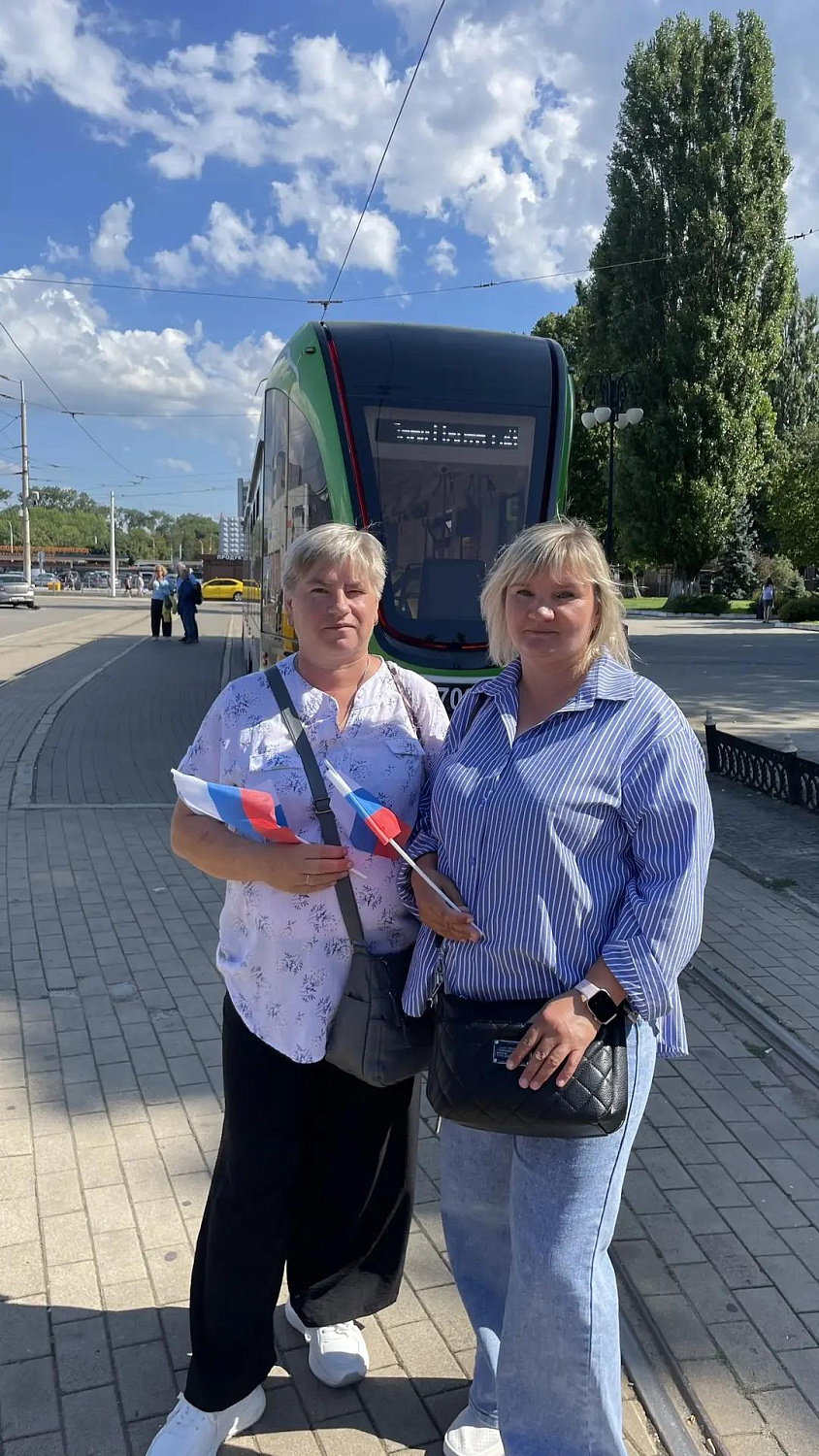 День Государственного флага -  это не просто дата в календаре. Это повод почувствовать себя частью чего-то большого, важного и по-настоящему родного!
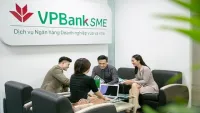 Đằng sau “chiêu” tăng phí của VPBank…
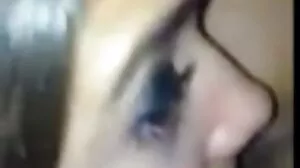 دو خوبصورت کالج کی لڑکیوں کی ایک بڑی ڈک اشتراک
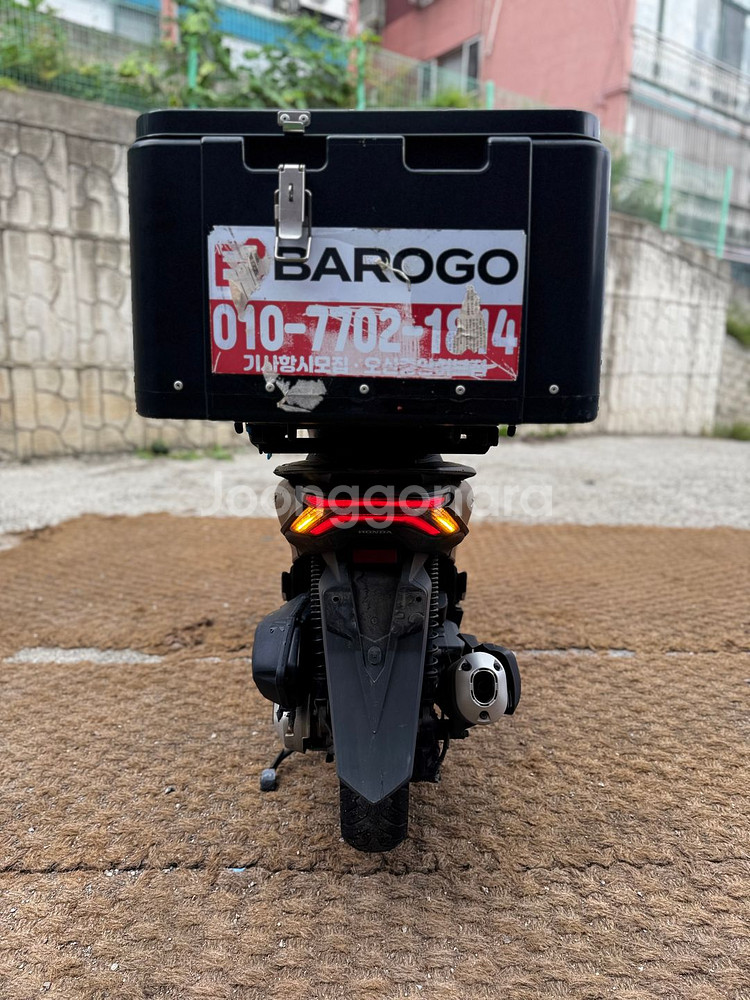혼다 Pcx125 ABS 23년형 7만Km 판매합니다.--7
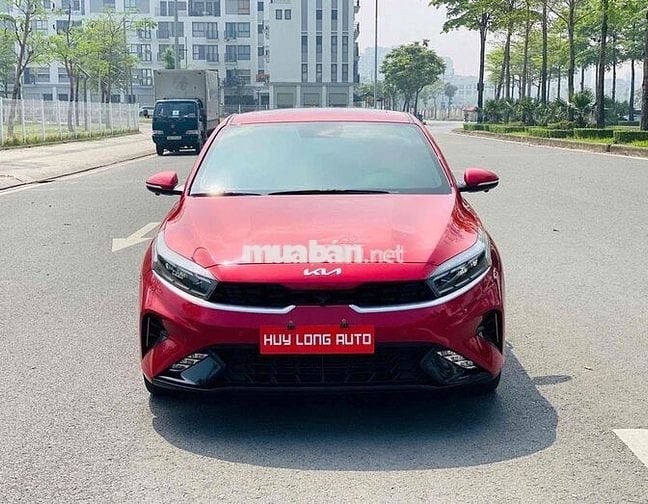 Kia K3 Đỏ Sedan, Sản Xuất 2021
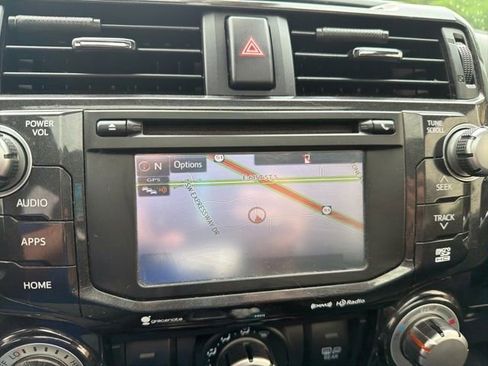 Used 2018 Toyota 4Runner TRD Off-Road Premium AWD/4WD image 13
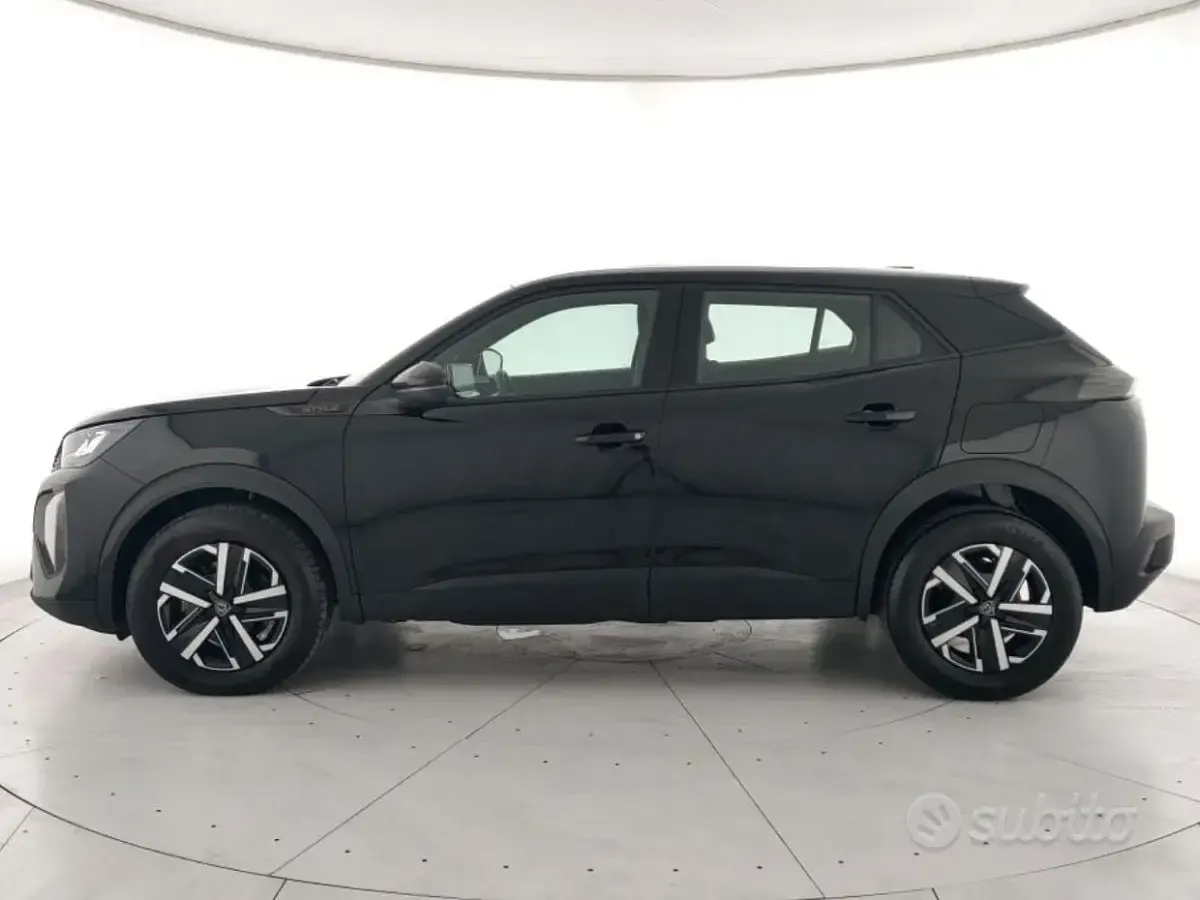 Usata Peugeot 2008 Style 136 CV (100 kW) 2025 Nero perla SUV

_ _ _ _ _

**Work task**
Reproduce the lines of the data that run from the one containing "Kia K3 Đỏ Sedan, Sản Xuất 2021" to the final line, both included, exactly as they appear and without the pictures.

**Result below**
 Kia K3 Đỏ Sedan, Sản Xuất 2021
 Used 2018 Toyota 4Runner TRD Off-Road Premium AWD/4WD image 13
 Usata Peugeot 2008 Style 136 CV (100 kW) 2025 Nero perla SUV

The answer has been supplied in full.